TASK
What you produce should be an exact transcription of the data, minus any pictures.

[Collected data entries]
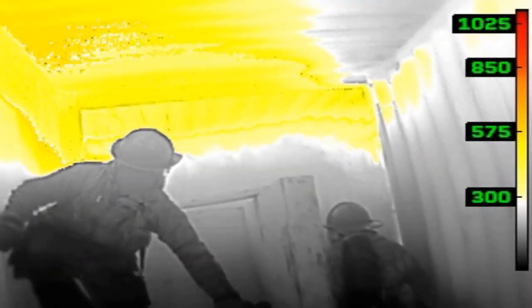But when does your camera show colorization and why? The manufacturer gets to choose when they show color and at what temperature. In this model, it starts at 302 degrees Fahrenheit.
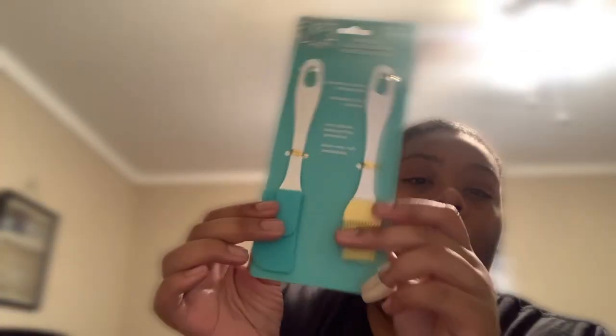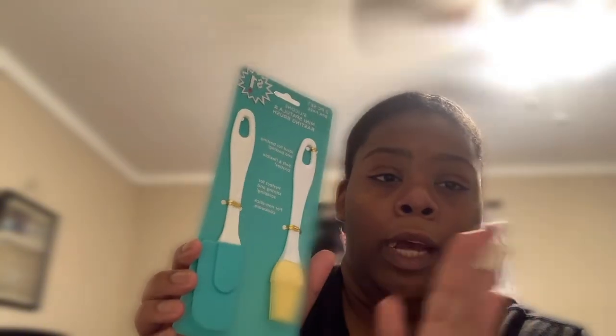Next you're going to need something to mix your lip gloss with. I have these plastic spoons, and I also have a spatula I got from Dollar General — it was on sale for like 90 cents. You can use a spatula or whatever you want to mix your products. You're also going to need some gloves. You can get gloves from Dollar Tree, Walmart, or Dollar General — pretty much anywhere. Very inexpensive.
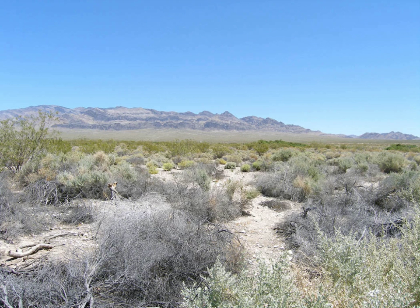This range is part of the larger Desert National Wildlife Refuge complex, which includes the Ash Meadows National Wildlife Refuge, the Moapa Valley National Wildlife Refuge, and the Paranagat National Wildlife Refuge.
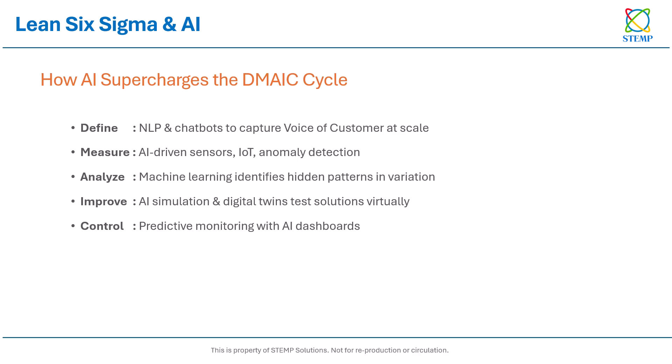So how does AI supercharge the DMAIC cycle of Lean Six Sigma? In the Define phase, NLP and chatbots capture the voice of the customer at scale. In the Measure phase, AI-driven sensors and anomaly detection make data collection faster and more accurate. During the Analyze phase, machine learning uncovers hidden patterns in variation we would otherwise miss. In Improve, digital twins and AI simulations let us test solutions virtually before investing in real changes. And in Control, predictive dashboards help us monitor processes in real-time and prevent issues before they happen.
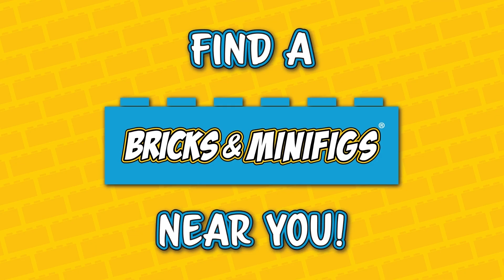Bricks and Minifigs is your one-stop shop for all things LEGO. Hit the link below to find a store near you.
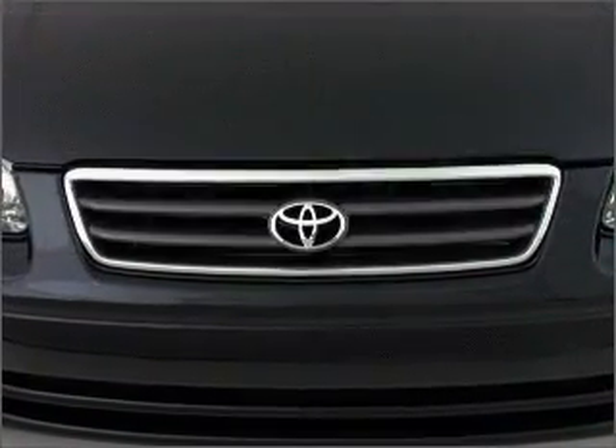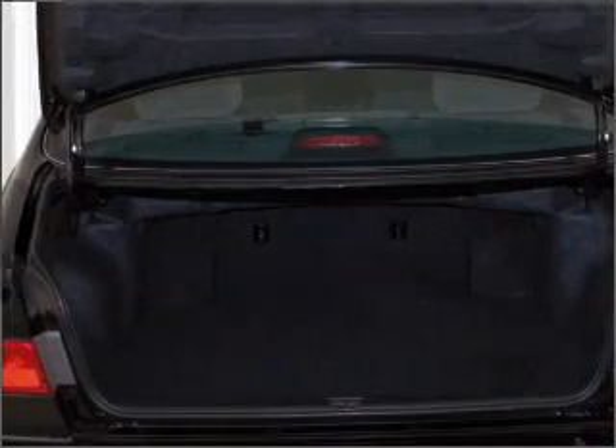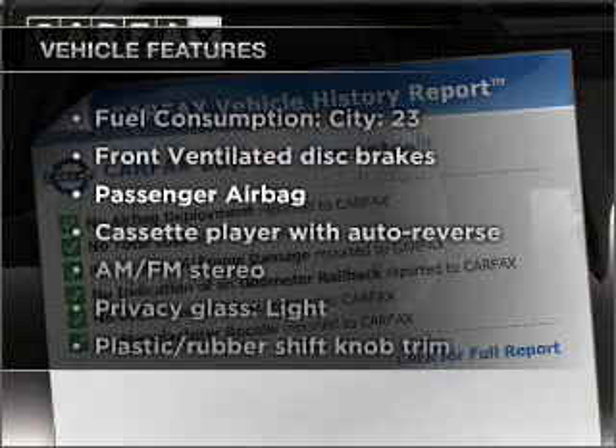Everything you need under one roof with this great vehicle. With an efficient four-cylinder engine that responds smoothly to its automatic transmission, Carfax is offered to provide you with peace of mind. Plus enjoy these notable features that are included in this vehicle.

WORKED SOLUTION
But when does your camera show colorization and why? The manufacturer gets to choose when they show color and at what temperature. In this model, it starts at 302 degrees Fahrenheit.
Next you're going to need something to mix your lip gloss with. I have these plastic spoons, and I also have a spatula I got from Dollar General — it was on sale for like 90 cents. You can use a spatula or whatever you want to mix your products. You're also going to need some gloves. You can get gloves from Dollar Tree, Walmart, or Dollar General — pretty much anywhere. Very inexpensive.
This range is part of the larger Desert National Wildlife Refuge complex, which includes the Ash Meadows National Wildlife Refuge, the Moapa Valley National Wildlife Refuge, and the Paranagat National Wildlife Refuge.
So how does AI supercharge the DMAIC cycle of Lean Six Sigma? In the Define phase, NLP and chatbots capture the voice of the customer at scale. In the Measure phase, AI-driven sensors and anomaly detection make data collection faster and more accurate. During the Analyze phase, machine learning uncovers hidden patterns in variation we would otherwise miss. In Improve, digital twins and AI simulations let us test solutions virtually before investing in real changes. And in Control, predictive dashboards help us monitor processes in real-time and prevent issues before they happen.
Bricks and Minifigs is your one-stop shop for all things LEGO. Hit the link below to find a store near you.
Everything you need under one roof with this great vehicle. With an efficient four-cylinder engine that responds smoothly to its automatic transmission, Carfax is offered to provide you with peace of mind. Plus enjoy these notable features that are included in this vehicle.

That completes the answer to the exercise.